На запрос задетого заметкой редактора журнала, публиковавшего “Очерки”, Лесков твердо отвечает:
“Заметка о Марко-Вовчок была моя, и я думаю, что Петров ошибается: М. А. не могла быть в орловском институте, и ее развитие всецело принадлежит ее прекрасному мужу, которого я очень хорошо знал и любил, да и обязан ему всем моим направлением и страстью к литературе. Он давно умер, убитый горем и, может быть, бесславием… Пусть Петров разъяснит: была ли она в институте, и очеркнет характерную и милую личность “пана Опанаса”, которого супруга всегда стремилась стушевать ниже Пассека пли Карла Бенни, иже недостойни быша разрешить ремень у ног его” [124].
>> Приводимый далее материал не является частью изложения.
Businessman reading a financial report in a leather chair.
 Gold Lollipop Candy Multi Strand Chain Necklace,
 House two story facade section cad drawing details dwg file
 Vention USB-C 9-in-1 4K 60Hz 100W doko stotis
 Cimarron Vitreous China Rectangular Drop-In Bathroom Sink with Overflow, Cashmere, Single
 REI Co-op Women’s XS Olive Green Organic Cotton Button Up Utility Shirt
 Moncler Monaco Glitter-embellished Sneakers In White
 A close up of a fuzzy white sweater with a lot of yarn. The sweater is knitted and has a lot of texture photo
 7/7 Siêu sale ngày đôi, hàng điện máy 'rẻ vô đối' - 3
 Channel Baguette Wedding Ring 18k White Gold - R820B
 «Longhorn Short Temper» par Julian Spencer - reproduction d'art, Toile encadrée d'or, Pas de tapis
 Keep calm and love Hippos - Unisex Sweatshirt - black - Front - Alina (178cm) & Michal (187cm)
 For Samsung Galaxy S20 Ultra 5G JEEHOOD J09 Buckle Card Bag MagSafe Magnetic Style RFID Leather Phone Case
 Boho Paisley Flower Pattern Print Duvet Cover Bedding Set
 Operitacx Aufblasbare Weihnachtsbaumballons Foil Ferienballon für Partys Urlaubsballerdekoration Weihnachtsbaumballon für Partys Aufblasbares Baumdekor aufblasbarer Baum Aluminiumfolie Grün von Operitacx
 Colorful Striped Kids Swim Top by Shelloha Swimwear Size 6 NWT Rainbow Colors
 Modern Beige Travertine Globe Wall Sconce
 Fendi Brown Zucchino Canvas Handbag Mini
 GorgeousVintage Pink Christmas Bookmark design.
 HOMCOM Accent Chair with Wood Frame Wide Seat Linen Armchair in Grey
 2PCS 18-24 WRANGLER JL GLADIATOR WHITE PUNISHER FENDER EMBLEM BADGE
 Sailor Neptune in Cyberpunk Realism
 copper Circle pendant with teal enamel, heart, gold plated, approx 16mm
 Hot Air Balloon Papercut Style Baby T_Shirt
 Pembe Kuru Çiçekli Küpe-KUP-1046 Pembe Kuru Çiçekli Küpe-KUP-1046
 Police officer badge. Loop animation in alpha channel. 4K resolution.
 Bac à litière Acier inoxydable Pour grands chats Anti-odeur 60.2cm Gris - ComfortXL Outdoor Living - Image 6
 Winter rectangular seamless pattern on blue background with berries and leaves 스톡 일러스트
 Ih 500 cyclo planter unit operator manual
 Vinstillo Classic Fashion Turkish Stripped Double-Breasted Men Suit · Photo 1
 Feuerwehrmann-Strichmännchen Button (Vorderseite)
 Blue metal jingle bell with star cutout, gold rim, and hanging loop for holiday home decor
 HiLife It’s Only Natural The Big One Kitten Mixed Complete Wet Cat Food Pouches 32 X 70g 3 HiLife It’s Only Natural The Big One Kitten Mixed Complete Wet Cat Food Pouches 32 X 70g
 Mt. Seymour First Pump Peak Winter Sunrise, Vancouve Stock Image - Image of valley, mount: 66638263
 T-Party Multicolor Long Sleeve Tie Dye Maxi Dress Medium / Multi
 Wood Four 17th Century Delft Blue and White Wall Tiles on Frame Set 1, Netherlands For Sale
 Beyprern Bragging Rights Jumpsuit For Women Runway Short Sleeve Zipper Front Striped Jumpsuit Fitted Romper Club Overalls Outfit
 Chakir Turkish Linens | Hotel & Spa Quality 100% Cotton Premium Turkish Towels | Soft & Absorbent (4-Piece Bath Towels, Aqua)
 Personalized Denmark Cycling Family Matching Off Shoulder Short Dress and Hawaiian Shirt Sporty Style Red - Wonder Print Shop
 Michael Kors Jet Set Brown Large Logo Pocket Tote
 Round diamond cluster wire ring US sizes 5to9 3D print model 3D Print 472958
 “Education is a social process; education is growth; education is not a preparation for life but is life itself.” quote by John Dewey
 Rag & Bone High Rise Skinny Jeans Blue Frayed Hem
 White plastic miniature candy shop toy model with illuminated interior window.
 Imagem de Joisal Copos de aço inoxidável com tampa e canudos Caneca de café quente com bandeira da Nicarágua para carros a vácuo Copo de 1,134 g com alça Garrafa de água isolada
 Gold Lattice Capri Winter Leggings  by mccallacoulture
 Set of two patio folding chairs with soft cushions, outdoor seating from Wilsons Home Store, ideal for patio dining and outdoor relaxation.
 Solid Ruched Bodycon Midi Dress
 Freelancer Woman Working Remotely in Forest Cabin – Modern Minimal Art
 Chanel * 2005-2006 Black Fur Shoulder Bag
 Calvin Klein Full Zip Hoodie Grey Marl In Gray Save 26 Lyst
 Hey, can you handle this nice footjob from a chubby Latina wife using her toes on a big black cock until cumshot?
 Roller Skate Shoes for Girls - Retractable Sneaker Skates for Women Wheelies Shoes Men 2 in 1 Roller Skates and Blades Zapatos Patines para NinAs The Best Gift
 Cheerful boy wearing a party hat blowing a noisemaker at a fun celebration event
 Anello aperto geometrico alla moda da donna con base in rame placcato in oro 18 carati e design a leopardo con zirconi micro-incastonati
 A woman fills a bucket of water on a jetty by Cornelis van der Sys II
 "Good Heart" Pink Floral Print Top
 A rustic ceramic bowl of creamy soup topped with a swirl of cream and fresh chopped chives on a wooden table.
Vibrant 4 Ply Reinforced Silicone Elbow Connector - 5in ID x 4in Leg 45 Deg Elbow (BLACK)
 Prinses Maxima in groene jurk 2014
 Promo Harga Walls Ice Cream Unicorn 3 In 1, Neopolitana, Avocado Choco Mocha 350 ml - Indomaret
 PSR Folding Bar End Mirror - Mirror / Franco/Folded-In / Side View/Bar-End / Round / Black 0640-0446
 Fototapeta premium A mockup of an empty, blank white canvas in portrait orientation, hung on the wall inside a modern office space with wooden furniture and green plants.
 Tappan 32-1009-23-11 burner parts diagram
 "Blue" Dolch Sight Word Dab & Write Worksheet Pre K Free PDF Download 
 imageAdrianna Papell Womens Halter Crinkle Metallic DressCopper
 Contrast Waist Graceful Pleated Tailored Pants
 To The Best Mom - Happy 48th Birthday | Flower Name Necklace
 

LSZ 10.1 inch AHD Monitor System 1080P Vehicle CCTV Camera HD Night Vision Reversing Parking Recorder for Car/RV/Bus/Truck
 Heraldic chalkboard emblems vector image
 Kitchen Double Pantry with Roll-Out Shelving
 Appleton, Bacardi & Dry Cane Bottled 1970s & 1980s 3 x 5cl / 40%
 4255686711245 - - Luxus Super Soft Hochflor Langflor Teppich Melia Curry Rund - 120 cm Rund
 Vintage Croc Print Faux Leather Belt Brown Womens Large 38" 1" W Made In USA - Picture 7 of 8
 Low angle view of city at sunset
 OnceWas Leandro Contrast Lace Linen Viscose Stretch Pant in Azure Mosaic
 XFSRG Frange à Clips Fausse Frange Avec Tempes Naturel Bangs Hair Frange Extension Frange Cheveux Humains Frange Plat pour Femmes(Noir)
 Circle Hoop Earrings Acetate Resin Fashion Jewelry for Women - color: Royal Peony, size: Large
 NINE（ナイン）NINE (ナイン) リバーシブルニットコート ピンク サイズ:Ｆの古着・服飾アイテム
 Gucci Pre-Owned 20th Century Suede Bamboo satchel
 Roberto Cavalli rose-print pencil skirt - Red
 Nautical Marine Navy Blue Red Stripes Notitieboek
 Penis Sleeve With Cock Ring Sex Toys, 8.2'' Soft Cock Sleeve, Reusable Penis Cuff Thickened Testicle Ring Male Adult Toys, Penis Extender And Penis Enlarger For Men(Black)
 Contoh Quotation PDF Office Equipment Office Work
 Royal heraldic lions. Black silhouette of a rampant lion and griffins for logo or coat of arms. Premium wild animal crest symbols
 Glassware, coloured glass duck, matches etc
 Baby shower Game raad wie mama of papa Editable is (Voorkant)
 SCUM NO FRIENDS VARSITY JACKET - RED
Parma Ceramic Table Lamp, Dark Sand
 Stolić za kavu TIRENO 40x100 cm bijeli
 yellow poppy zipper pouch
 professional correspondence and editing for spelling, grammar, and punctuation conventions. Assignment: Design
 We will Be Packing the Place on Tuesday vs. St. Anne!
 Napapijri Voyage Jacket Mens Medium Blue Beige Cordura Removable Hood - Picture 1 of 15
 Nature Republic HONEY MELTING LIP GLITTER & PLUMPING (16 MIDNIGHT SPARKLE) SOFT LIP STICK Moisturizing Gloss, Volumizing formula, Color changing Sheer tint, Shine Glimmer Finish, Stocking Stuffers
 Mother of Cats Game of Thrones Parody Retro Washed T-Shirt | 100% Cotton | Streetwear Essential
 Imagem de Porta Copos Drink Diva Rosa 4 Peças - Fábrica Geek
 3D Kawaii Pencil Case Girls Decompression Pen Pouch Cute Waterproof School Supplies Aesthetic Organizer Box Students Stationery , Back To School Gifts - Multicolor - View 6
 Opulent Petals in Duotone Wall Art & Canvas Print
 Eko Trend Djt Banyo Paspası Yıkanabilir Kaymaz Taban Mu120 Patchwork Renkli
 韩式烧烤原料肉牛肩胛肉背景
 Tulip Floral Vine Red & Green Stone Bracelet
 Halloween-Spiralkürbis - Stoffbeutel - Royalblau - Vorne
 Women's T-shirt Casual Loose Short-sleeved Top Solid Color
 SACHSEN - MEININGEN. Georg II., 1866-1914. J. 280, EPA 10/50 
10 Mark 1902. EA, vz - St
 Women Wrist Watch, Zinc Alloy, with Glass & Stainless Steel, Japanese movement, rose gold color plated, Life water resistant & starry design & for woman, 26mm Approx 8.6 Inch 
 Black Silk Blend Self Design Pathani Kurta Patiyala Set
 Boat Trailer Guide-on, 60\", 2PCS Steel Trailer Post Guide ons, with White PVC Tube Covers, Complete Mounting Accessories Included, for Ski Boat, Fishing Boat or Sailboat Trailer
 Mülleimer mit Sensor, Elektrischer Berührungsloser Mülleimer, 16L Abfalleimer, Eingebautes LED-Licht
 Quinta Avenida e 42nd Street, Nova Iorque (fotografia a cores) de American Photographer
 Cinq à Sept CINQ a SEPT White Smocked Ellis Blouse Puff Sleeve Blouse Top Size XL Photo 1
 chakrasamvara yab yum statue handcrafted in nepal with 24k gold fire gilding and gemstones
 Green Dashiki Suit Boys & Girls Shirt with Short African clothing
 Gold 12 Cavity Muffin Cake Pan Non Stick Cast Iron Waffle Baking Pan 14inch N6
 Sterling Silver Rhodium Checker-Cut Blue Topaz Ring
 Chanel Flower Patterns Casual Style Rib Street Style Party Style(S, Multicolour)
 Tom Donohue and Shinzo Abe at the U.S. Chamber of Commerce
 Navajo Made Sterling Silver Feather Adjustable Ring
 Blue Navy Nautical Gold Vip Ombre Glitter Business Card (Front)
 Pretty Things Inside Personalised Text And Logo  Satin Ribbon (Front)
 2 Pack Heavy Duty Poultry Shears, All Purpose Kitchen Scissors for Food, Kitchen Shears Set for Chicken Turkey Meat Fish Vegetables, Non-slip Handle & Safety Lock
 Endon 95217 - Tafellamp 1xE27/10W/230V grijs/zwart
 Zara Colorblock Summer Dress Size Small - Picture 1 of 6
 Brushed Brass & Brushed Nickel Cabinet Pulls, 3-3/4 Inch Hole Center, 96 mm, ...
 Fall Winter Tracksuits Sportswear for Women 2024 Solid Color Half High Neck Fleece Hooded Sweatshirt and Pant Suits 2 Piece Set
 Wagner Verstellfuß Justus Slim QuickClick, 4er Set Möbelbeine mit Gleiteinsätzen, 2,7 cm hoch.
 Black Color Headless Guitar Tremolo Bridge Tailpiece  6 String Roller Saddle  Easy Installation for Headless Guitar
Теплая память и глубокая признательность выливаются в массе упоминаний о “милом Опанасе” вплоть до самых предсмертных дней [125].
Приведенные выше строки “Заметки” отведены целиком ему же, но там есть и другие, не менее ценные и характерные:
“В Орле, в этом странном “прогорелом” городе, который вспоил на своих мелких водах столько русских литераторов, сколько не поставил их на пользу родины никакой другой русский город…”
Здесь уже прямая гордость своим Орлом. Это уже не “чортова вотчина” начала литераторствования, а удовлетворенное запечатление огромных заслуг своей земли перед своею родиной.
Но это все пришло, когда за плечами были десятки лет литературной работы, известность, кое-какая удовлетворенность совершенным и вера в дальнейшую возможность “совершать”.
В 1846 году Орел не сулил ничего. Приходилось идти, куда брали. А брали в жестокую школу! Обычаи и нравы в ней царили зловещие, темные… Но они же с беспощадной суровостью обогатят память, опыт и палитру будущего бытоописателя, беллетриста.
Много чудесного в этой области мог слышать Лесков раньше от своего отца. Теперь он будет узнавать уже сам, лично, непосредственно из “дел”, из их течения по темному руслу негласного правосудия, которое на всю жизнь возненавидит и воспоминания о котором будет всегда сопровождать жарким скандированием любимых строк Хомякова (“России”, 1854):
В судах черна неправдой чёрной
И игом рабства клеймена;
Безбожной лести, лжи тлетворной
И лени мертвой и позорной
И всякой мерзости полна!
Из этого судилища выносятся темы не одного драматического произведения, очерков, как “Погасшее дело”, “Язвительный”, “Леди Макбет Мценского уезда”.
Одному тюрьмоведу Лесков писал: “Мир, который вы описываете, — мне неизвестен, хотя я его слегка касался в рассказе “Леди Макбет Мценского уезда”. Я писал, что называется, “из головы”, не наблюдая этой среды в натуре, но покойный Достоевский находил, что я воспроизвел действительность довольно верно” [126]. Иначе, надо думать, он и не поместил бы рассказа в “Эпохе” [127].